───── Recorded information ─────

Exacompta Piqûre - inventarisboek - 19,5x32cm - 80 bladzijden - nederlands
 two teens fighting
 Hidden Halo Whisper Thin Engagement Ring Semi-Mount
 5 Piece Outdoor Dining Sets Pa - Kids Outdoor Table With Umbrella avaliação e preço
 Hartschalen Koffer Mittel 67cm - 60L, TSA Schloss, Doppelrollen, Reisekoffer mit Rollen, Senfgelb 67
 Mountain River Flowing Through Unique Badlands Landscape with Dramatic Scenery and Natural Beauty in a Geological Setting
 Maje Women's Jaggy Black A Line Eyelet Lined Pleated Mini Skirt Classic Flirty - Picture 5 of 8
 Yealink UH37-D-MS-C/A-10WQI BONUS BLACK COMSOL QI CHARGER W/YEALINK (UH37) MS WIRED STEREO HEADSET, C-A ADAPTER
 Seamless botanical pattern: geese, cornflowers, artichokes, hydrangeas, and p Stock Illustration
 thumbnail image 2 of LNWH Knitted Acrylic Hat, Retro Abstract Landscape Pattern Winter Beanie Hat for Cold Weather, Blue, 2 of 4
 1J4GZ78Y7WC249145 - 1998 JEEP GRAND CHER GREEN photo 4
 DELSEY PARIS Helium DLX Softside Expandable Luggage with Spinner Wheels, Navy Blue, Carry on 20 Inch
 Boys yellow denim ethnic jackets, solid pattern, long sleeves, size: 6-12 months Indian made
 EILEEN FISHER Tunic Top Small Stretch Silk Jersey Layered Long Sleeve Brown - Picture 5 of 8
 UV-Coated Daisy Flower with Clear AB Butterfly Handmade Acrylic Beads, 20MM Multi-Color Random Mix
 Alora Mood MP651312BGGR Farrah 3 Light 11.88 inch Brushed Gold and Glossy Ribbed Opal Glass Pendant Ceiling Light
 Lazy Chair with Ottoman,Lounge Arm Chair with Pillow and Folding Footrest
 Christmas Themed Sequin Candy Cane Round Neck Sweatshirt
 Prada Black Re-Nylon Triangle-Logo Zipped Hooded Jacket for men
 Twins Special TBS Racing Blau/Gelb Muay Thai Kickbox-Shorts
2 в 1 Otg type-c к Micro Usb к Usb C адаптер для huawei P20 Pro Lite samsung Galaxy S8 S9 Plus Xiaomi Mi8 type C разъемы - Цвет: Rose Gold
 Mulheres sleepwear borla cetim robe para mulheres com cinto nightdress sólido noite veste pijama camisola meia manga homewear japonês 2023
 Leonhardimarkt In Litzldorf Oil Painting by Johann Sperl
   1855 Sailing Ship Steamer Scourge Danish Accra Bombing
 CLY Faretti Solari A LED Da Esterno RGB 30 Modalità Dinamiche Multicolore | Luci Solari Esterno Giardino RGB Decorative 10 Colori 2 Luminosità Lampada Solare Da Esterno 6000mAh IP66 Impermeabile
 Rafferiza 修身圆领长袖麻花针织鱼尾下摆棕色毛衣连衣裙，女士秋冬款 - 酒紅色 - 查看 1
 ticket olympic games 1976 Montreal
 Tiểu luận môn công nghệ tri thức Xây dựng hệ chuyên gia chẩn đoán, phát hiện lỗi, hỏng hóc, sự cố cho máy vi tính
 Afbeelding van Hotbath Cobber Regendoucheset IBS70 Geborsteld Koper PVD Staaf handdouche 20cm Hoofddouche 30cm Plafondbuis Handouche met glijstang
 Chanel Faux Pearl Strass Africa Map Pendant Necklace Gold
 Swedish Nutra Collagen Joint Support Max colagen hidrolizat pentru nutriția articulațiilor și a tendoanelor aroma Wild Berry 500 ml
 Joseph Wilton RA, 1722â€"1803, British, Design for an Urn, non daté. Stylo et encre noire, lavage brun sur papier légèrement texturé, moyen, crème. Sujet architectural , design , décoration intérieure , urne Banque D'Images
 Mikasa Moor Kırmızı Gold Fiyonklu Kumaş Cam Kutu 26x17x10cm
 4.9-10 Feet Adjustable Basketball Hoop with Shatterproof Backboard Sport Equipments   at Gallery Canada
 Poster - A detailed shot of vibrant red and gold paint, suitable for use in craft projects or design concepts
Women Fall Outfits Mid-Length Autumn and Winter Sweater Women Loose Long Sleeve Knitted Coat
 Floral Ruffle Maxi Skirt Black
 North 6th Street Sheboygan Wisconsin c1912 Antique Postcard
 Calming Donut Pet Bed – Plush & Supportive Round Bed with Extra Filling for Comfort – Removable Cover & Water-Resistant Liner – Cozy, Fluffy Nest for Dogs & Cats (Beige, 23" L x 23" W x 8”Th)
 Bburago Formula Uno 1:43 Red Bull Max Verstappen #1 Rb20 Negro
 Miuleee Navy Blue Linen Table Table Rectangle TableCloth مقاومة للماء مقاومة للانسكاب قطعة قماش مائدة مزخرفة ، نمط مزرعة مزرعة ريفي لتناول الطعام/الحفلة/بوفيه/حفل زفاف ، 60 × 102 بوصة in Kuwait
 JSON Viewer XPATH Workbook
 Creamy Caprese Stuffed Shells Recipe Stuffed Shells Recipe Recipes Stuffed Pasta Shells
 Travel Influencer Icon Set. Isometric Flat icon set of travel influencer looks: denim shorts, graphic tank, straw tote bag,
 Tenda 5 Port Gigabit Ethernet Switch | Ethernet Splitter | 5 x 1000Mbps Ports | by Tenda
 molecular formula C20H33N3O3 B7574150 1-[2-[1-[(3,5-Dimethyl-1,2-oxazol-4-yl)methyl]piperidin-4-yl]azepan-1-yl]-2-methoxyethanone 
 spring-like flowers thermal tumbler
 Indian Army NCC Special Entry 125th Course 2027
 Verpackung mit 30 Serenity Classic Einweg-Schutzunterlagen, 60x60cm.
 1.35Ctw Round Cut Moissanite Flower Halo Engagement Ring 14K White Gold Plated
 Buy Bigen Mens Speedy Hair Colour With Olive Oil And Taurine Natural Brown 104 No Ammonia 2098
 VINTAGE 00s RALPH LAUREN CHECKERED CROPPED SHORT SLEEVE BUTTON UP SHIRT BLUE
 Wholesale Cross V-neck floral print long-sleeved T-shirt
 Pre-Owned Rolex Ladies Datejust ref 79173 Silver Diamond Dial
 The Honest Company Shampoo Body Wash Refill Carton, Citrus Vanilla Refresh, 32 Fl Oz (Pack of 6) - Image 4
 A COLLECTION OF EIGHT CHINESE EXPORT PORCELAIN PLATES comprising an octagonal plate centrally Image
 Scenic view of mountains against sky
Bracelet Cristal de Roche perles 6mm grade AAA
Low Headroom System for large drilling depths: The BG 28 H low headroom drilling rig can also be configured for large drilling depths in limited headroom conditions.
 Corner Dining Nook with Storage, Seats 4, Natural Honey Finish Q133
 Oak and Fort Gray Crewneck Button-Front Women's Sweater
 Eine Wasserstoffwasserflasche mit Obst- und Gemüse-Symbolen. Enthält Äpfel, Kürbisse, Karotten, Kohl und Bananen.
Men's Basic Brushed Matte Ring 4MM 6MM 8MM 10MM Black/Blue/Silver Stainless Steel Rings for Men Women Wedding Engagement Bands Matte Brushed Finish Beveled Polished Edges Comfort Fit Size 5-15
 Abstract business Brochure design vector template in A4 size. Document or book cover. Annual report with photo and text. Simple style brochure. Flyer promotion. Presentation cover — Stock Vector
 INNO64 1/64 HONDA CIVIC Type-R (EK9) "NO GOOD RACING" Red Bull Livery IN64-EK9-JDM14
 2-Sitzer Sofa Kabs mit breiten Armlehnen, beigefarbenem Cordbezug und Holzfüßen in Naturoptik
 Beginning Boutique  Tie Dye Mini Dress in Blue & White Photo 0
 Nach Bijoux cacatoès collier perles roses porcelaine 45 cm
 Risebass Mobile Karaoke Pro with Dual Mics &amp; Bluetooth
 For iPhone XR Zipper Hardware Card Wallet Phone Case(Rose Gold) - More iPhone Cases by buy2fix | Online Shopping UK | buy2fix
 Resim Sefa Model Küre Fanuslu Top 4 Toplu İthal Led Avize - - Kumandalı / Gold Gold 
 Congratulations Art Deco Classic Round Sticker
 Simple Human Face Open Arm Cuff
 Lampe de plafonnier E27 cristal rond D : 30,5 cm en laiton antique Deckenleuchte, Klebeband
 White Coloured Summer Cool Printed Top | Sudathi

─────

Work request:
Using the data above, reproduce exactly the lines from the line that contains "UV-Coated Daisy Flower" through the line that contains "Mikasa Moor Kırmızı", including both.

Written response:
 UV-Coated Daisy Flower with Clear AB Butterfly Handmade Acrylic Beads, 20MM Multi-Color Random Mix
 Alora Mood MP651312BGGR Farrah 3 Light 11.88 inch Brushed Gold and Glossy Ribbed Opal Glass Pendant Ceiling Light
 Lazy Chair with Ottoman,Lounge Arm Chair with Pillow and Folding Footrest
 Christmas Themed Sequin Candy Cane Round Neck Sweatshirt
 Prada Black Re-Nylon Triangle-Logo Zipped Hooded Jacket for men
 Twins Special TBS Racing Blau/Gelb Muay Thai Kickbox-Shorts
2 в 1 Otg type-c к Micro Usb к Usb C адаптер для huawei P20 Pro Lite samsung Galaxy S8 S9 Plus Xiaomi Mi8 type C разъемы - Цвет: Rose Gold
 Mulheres sleepwear borla cetim robe para mulheres com cinto nightdress sólido noite veste pijama camisola meia manga homewear japonês 2023
 Leonhardimarkt In Litzldorf Oil Painting by Johann Sperl
   1855 Sailing Ship Steamer Scourge Danish Accra Bombing
 CLY Faretti Solari A LED Da Esterno RGB 30 Modalità Dinamiche Multicolore | Luci Solari Esterno Giardino RGB Decorative 10 Colori 2 Luminosità Lampada Solare Da Esterno 6000mAh IP66 Impermeabile
 Rafferiza 修身圆领长袖麻花针织鱼尾下摆棕色毛衣连衣裙，女士秋冬款 - 酒紅色 - 查看 1
 ticket olympic games 1976 Montreal
 Tiểu luận môn công nghệ tri thức Xây dựng hệ chuyên gia chẩn đoán, phát hiện lỗi, hỏng hóc, sự cố cho máy vi tính
 Afbeelding van Hotbath Cobber Regendoucheset IBS70 Geborsteld Koper PVD Staaf handdouche 20cm Hoofddouche 30cm Plafondbuis Handouche met glijstang
 Chanel Faux Pearl Strass Africa Map Pendant Necklace Gold
 Swedish Nutra Collagen Joint Support Max colagen hidrolizat pentru nutriția articulațiilor și a tendoanelor aroma Wild Berry 500 ml
 Joseph Wilton RA, 1722â€"1803, British, Design for an Urn, non daté. Stylo et encre noire, lavage brun sur papier légèrement texturé, moyen, crème. Sujet architectural , design , décoration intérieure , urne Banque D'Images
 Mikasa Moor Kırmızı Gold Fiyonklu Kumaş Cam Kutu 26x17x10cm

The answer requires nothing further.